§ ACTION ITEM: Omit all pictures and transcribe only the lines in the entries below that run from the line with "Daire 3-oda 73 m² - Yurievskaya, Batumi" through the line with "E-Gift Card".

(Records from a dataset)

+ + + +

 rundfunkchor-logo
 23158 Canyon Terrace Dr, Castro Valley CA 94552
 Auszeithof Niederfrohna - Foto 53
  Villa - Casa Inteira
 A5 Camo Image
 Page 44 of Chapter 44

+ + + +

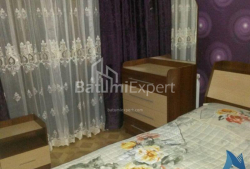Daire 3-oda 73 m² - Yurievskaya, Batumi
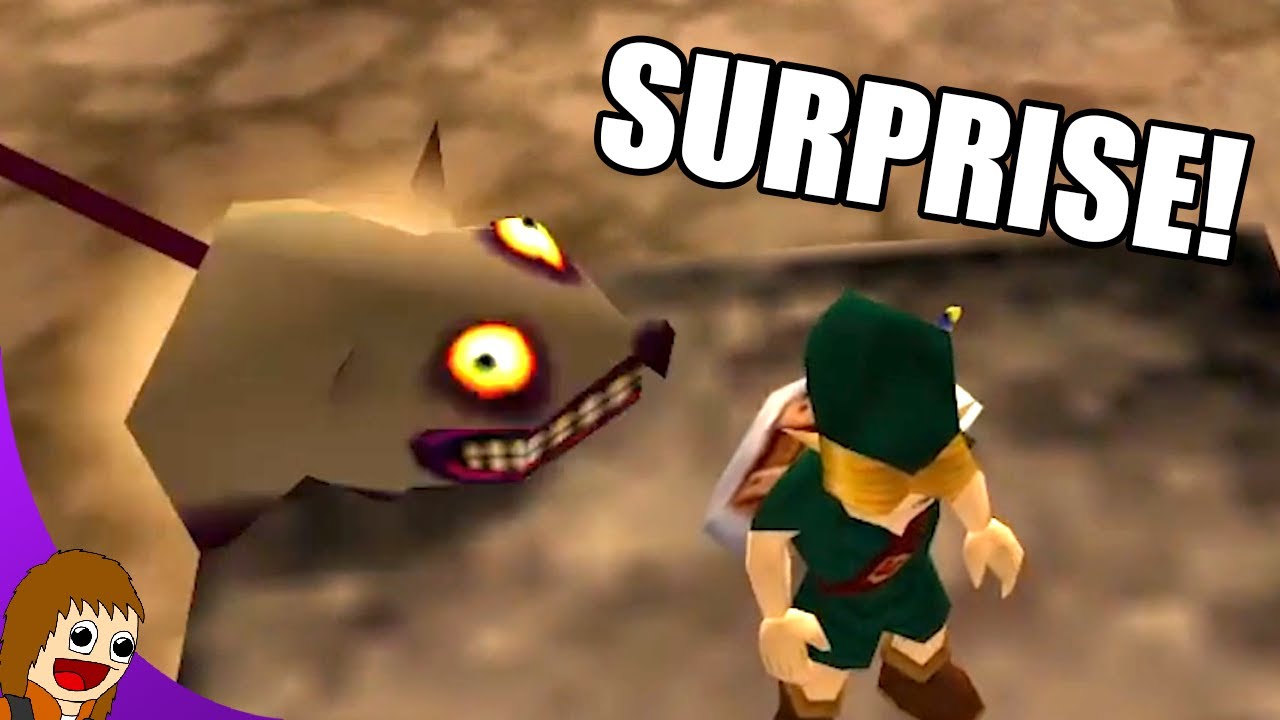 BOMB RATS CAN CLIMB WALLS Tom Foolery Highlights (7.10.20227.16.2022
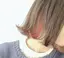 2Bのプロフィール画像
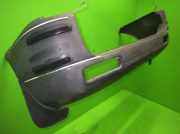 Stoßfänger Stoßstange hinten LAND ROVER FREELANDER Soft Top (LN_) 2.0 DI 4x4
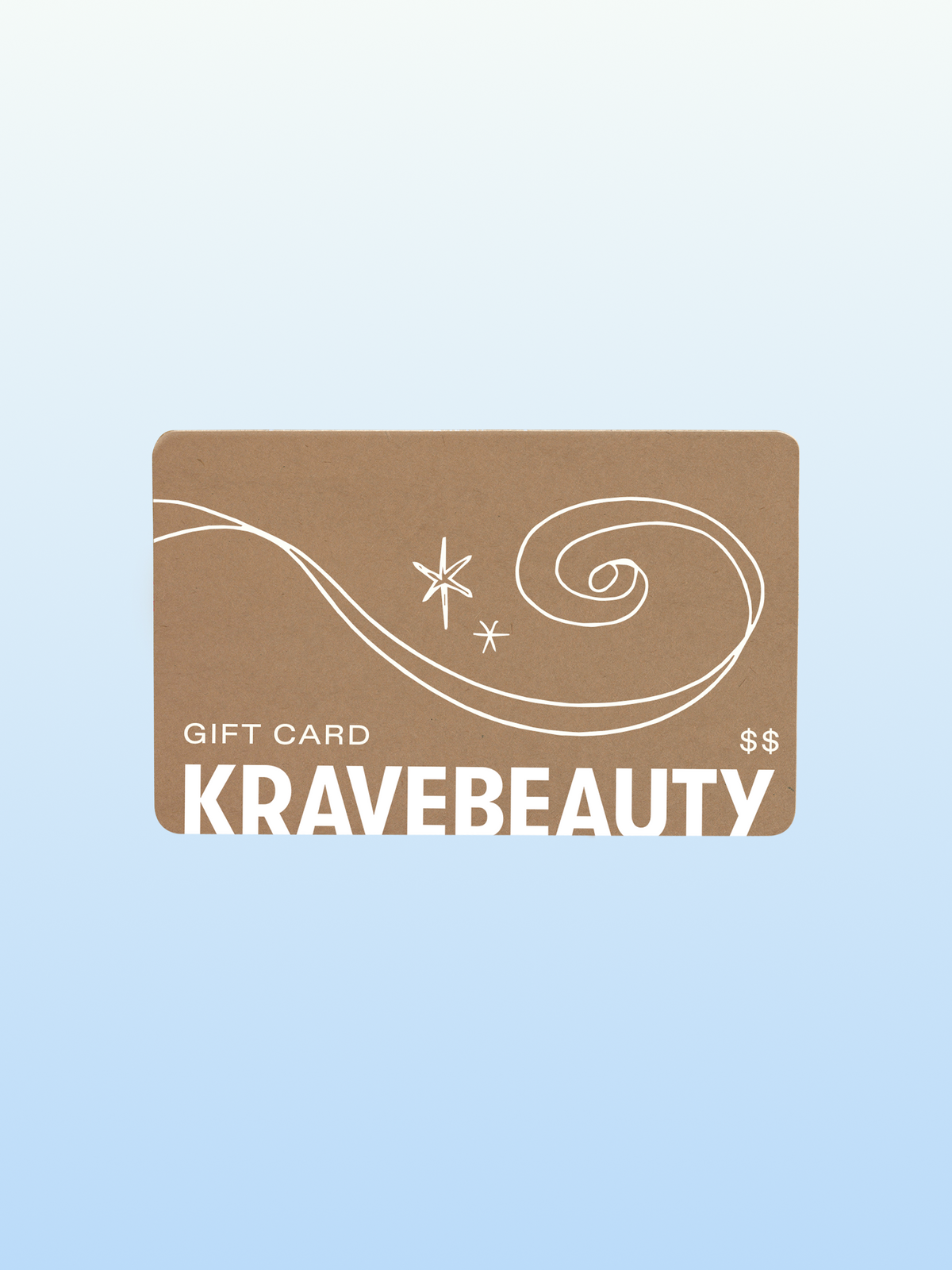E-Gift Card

+ + + +

§ RESPONSE BELOW:
Daire 3-oda 73 m² - Yurievskaya, Batumi
 BOMB RATS CAN CLIMB WALLS Tom Foolery Highlights (7.10.20227.16.2022
 2Bのプロフィール画像
 Stoßfänger Stoßstange hinten LAND ROVER FREELANDER Soft Top (LN_) 2.0 DI 4x4
E-Gift Card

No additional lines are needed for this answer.